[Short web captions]
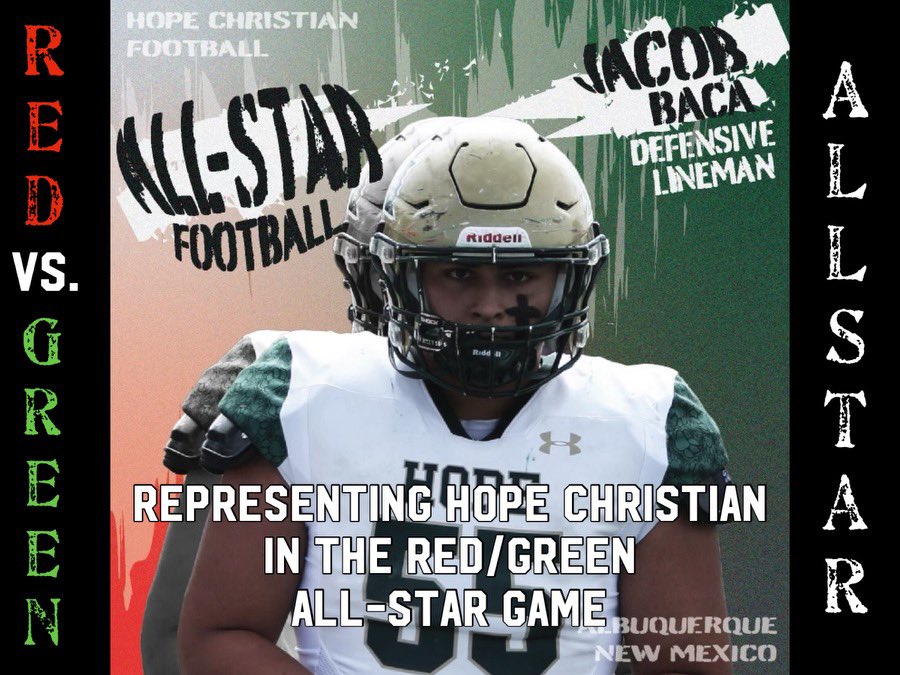 Blessed to be selected as a Red-Green All Star. Can’t wait to compete and represent the Huskies! @PrepRedzoneNM @nmpreps @coachsalinas_ @JamesDYodice
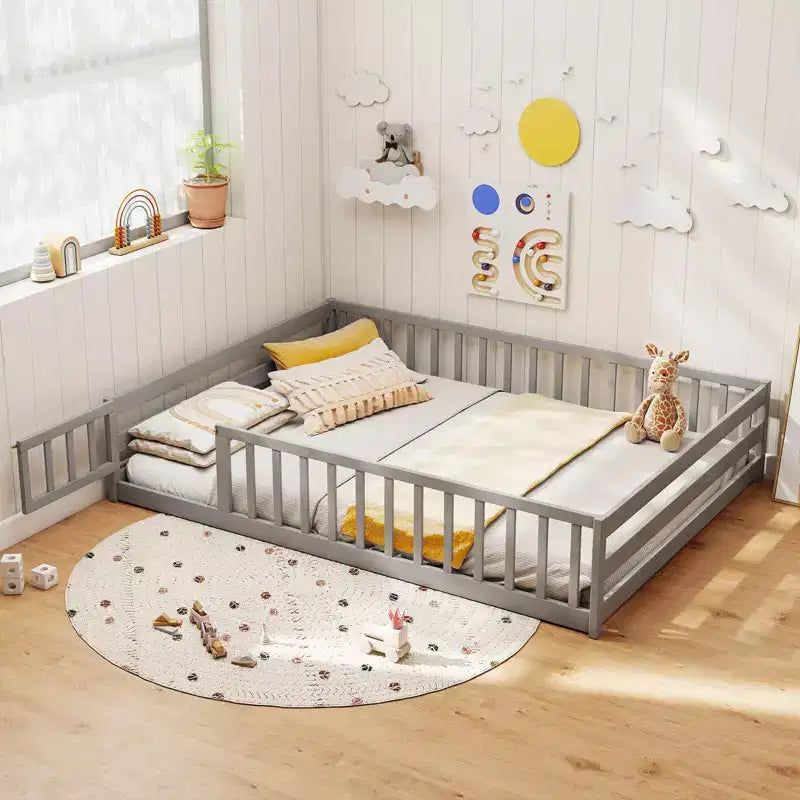 Full Size Floor Bed with Full Length Safety Guardrails and Door for Kids, Multiple Colors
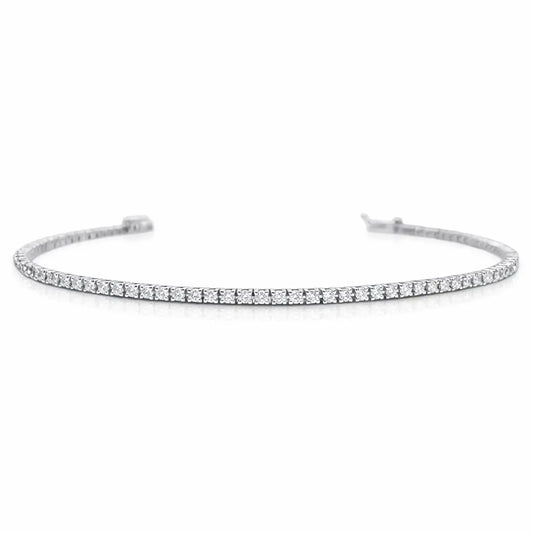 18ct White Gold Natural Diamond Tennis Bracelet 4 Claw 1.00ct 7 Inches¬† Diamond Bracelets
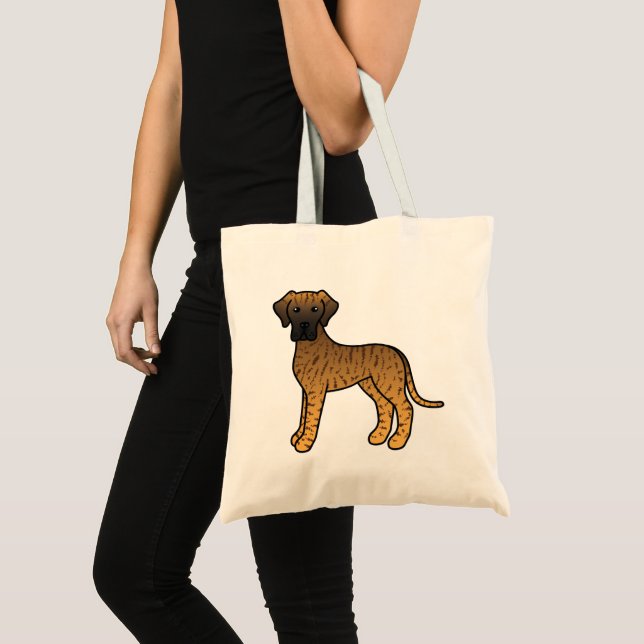 Brindle Coat Great Dane Dog Drawing Tote Bag (Front (Product))
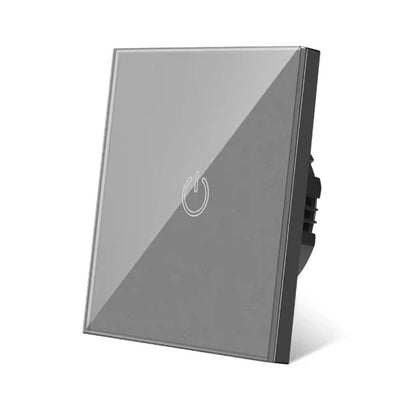 AnjieloSmart Luxury EU standard single-touch wall switch with a full tempered glass panel.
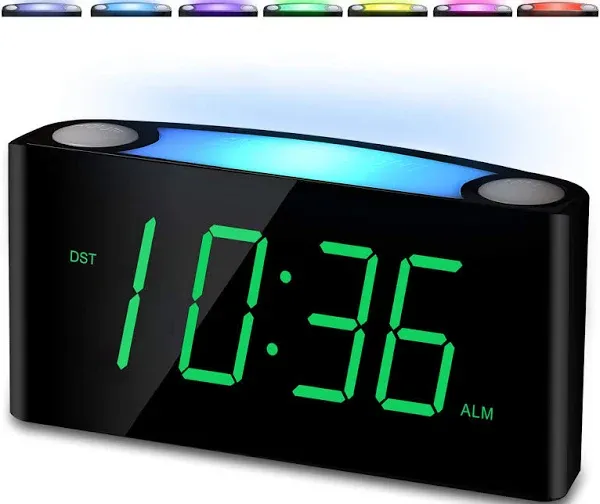 Alarm Clock for Bedroom, 7.5" Large Display LED Digital Clock with 7 Color Night Light,USB Phone Charger,Dimmer,Battery Backup,Easy to Set Loud Bedside Clock for Heavy Sleepers Adult Teen Kid Boy Girl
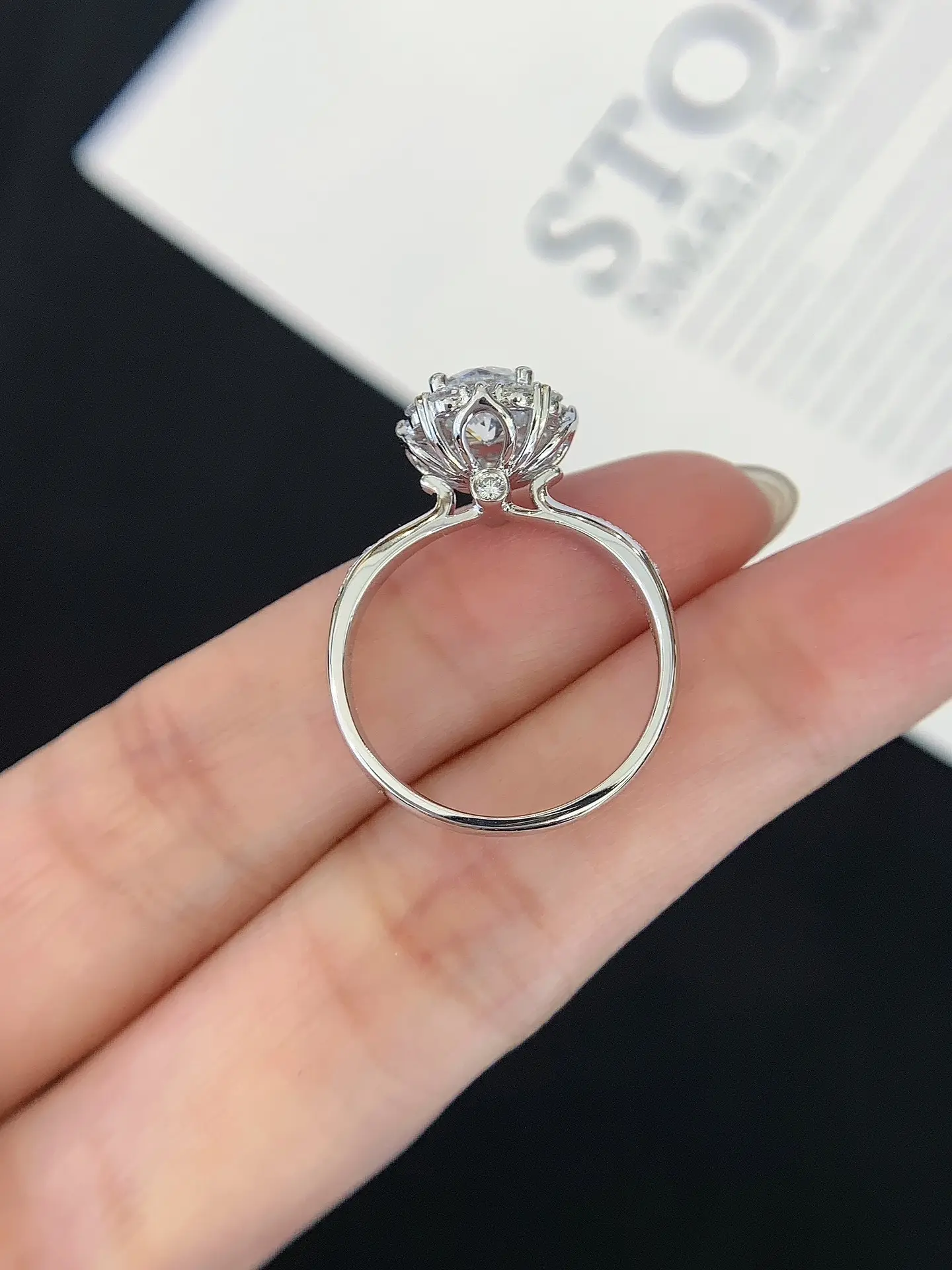 Lightweight Lab Diamond Halo Ring Fast Delivery 4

> [WORK ORDER]
Leaving out the pictures, print each line of the records above from the first up to and including the one that contains "AnjieloSmart Luxury EU", exactly as written.

> [ANSWER SPACE]
 Blessed to be selected as a Red-Green All Star. Can’t wait to compete and represent the Huskies! @PrepRedzoneNM @nmpreps @coachsalinas_ @JamesDYodice
 Full Size Floor Bed with Full Length Safety Guardrails and Door for Kids, Multiple Colors
 18ct White Gold Natural Diamond Tennis Bracelet 4 Claw 1.00ct 7 Inches¬† Diamond Bracelets
 Brindle Coat Great Dane Dog Drawing Tote Bag (Front (Product))
 AnjieloSmart Luxury EU standard single-touch wall switch with a full tempered glass panel.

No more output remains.